LF : Je souscrits à 100% à ce que dit Jean-Luc Flabeau. Et pour répondre à votre question, je pense en effet que nos professions pourraient faire front commun. Si du jour au lendemain il n’y avait plus de comptabilité ni de respect de la loi dans le monde économique, l’Etat serait bien embarrassé. Car l’objectif de l’entreprise c’est de produire, pas de « faire des comptes » ni de « faire du droit ». C’est grâce à nous que tout cela est en ordre. Et malgré tout, l’Etat se méfie de nous. Qu’il fasse ses comptes, sérieusement. On nous parle de rente de situation. Mais 40% des avocats gagnent moins de 36 000 euros par an, on ne peut pas parler de nantis, il faut déciller l’Etat et il verra qu’il n’y a que des avantages à se décharger de ses missions auprès de professions privées.

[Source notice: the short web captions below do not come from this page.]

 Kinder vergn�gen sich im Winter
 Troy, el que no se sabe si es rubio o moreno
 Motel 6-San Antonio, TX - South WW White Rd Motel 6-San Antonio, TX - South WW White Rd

JLF : Lors du changement de système d’impôt sur le revenu, le ministre du budget de l’époque nous a dit qu’il était hors de question que les experts-comptables facturent. Nous l’avons fait quand même et les clients ont compris car on leur a rendu un véritable service. Sur le tiers de confiance, pourquoi ça ne fonctionne pas, parce que l’Etat voudrait qu’on devienne le support de l’administration fiscale. Mais si nous faisons cela, je rejoins Louis Degos, nous ne servons plus l’intérêt des clients.

LD : C’est précisément en assurant notre rôle de conseil que nous sommes utiles à l’Etat. Et pour être de vrais conseils, nous ne pouvons pas être assujettis à la doctrine de l’Etat.

Actu-Juridique : Etes-vous optimistes pour l’avenir de vos professions ?

 LD : Je suis optimiste de nature, et en l’espèce aussi, mais si et seulement si on s’empare des questions à traiter.  Oui nous vivons une mutation, mais c’est aussi un facteur d’émulation. Et puis le besoin de droit a explosé. Nous avons besoin de leaders qui vont prendre en main ces évolutions. Le danger consisterait à faire la politique de l’autruche.

JLF : Je suis aussi optimiste de nature aussi. L’économie est de plus en plus complexe, par conséquent les entreprises ont de plus en plus besoin de nos expertises à tous, avocats, experts-comptables, commissaires aux comptes. Ces noms sont devenus des labels.  Les clients nous font confiance. Quant aux pouvoirs publics on l’a dit il faut qu’ils sortent de la méfiance. Le ministre de l’économie nous a remercié pour notre gestion de la crise sanitaire, mais je n’ai pas envie qu’on nous remercie seulement lors des catastrophes, je voudrais qu’on nous remercie d’être là, sur le terrain, auprès des entreprises, et surtout qu’on nous fasse confiance et qu’on nous laisse travailler.